Required work = Taking the first line of the listing as the start and the line containing "Пинетки UGG Baby Erin Sand" as the end, reproduce everything in between exactly, both ends included.

* * * * * * *

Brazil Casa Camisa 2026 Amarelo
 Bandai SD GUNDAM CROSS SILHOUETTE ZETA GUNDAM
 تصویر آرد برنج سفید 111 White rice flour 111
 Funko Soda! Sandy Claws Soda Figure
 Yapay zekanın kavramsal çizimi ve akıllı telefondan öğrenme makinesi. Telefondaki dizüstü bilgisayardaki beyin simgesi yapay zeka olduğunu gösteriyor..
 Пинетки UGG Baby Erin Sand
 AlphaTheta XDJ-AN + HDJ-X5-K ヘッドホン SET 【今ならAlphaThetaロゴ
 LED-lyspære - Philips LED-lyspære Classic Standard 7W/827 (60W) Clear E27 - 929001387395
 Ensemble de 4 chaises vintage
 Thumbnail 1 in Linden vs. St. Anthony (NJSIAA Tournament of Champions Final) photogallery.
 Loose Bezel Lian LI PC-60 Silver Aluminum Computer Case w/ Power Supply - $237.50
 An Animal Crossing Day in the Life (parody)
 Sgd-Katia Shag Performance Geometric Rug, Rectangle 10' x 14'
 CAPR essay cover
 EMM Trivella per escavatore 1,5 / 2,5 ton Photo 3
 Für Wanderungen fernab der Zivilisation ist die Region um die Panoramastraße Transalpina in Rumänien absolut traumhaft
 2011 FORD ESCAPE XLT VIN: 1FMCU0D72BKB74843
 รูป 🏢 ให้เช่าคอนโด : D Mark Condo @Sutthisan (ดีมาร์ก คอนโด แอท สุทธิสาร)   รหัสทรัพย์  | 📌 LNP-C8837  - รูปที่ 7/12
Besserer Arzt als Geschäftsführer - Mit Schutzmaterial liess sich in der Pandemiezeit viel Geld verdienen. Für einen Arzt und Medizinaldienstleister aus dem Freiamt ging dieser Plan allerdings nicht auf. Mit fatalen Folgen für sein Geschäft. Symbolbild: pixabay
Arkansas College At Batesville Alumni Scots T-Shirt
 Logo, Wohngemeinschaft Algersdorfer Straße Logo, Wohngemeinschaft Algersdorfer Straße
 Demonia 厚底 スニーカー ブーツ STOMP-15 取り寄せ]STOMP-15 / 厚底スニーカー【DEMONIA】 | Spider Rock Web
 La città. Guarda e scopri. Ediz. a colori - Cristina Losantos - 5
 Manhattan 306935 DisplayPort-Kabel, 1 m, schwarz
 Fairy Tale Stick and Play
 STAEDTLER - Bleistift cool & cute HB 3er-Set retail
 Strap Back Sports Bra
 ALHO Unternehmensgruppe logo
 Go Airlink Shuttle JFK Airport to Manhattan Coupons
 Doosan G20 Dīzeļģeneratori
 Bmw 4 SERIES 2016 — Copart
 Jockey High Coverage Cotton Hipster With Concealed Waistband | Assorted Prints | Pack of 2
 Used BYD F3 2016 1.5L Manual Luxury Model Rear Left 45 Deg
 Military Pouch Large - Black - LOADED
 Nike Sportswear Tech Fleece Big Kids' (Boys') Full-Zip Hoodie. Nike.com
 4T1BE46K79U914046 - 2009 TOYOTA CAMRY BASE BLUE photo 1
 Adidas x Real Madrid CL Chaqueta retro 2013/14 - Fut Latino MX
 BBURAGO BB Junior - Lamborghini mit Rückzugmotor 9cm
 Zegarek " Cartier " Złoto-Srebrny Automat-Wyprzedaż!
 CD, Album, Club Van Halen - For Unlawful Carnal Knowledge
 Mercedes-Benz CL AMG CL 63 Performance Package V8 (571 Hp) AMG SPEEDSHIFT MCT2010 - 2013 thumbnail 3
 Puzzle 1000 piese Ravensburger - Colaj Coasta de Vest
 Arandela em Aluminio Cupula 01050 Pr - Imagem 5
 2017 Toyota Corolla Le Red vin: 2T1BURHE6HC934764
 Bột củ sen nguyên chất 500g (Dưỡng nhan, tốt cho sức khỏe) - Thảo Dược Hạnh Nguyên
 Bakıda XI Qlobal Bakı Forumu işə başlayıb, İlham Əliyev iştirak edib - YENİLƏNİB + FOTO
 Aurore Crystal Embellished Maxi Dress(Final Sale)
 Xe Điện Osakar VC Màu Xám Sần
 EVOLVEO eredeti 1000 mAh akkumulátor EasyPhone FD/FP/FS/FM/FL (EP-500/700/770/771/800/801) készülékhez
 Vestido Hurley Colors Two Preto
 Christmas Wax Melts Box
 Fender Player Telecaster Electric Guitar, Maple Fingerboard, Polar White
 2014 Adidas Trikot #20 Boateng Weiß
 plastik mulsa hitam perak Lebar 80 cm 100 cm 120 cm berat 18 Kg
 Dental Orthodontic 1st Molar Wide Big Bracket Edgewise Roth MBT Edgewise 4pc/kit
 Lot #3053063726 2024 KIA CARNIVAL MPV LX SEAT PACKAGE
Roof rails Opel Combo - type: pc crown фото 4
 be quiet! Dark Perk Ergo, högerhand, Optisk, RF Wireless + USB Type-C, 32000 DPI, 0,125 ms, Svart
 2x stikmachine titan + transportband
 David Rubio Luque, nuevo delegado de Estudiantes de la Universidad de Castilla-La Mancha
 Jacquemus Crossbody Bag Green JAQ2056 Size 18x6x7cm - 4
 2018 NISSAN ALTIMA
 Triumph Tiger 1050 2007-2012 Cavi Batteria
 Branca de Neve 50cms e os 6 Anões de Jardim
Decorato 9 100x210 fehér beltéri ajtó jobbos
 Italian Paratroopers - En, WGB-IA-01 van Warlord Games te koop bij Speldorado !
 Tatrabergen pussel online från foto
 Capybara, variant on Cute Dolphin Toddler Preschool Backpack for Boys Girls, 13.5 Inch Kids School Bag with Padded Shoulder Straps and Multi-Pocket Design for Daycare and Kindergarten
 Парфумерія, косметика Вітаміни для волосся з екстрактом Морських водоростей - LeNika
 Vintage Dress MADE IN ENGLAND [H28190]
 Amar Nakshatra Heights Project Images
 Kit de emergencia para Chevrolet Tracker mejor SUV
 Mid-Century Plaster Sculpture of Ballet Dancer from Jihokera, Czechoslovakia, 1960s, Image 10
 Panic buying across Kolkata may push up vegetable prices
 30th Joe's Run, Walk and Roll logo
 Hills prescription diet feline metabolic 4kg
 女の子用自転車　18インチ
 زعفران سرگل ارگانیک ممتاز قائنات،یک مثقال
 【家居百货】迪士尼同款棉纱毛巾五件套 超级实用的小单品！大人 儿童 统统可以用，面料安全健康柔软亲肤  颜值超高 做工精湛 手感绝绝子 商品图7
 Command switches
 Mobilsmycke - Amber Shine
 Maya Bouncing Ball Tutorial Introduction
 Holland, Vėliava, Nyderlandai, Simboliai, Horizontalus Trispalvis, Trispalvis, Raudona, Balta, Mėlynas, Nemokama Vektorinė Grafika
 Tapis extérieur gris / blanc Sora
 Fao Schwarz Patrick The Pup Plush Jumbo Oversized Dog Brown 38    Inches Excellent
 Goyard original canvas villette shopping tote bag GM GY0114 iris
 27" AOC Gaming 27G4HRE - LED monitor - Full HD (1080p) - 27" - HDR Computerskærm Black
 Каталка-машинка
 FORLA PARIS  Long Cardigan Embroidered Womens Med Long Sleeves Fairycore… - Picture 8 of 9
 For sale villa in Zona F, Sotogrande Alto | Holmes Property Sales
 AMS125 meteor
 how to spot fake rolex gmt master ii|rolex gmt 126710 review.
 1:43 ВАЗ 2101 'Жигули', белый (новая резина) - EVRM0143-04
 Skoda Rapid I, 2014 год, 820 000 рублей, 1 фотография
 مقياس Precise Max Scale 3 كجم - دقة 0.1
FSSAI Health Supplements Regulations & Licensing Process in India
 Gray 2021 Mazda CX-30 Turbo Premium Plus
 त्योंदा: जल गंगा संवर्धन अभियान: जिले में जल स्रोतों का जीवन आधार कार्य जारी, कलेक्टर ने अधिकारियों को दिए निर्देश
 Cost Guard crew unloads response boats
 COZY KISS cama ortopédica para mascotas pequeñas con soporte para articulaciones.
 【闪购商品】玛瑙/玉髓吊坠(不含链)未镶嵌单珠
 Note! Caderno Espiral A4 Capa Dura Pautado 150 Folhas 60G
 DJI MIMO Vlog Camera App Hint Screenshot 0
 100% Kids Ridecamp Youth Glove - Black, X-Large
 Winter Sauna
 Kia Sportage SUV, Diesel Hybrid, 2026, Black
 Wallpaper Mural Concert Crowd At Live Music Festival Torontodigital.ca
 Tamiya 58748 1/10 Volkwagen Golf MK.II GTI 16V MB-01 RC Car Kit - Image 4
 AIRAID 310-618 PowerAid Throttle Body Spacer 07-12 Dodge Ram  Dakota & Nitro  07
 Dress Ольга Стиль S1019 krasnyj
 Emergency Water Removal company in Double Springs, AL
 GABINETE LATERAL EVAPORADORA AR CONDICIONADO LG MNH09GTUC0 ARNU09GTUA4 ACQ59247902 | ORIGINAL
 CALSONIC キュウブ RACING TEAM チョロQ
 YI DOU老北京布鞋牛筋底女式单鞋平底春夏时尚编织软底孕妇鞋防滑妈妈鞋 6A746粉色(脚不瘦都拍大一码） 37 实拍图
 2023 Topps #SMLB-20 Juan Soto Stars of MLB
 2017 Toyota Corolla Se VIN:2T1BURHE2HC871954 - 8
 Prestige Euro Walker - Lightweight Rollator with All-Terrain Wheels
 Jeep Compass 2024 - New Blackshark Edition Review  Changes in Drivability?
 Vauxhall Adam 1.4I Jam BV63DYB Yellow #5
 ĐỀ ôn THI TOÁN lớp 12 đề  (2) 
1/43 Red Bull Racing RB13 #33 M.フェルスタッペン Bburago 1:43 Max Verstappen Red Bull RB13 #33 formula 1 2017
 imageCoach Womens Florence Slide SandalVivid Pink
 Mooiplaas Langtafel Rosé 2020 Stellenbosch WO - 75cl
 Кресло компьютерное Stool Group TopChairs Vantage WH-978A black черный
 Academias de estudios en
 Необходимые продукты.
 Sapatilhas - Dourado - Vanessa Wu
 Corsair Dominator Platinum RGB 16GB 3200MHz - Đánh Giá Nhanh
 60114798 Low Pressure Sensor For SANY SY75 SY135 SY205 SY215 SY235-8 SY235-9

* * * * * * *

Result of the exercise =
Brazil Casa Camisa 2026 Amarelo
 Bandai SD GUNDAM CROSS SILHOUETTE ZETA GUNDAM
 تصویر آرد برنج سفید 111 White rice flour 111
 Funko Soda! Sandy Claws Soda Figure
 Yapay zekanın kavramsal çizimi ve akıllı telefondan öğrenme makinesi. Telefondaki dizüstü bilgisayardaki beyin simgesi yapay zeka olduğunu gösteriyor..
 Пинетки UGG Baby Erin Sand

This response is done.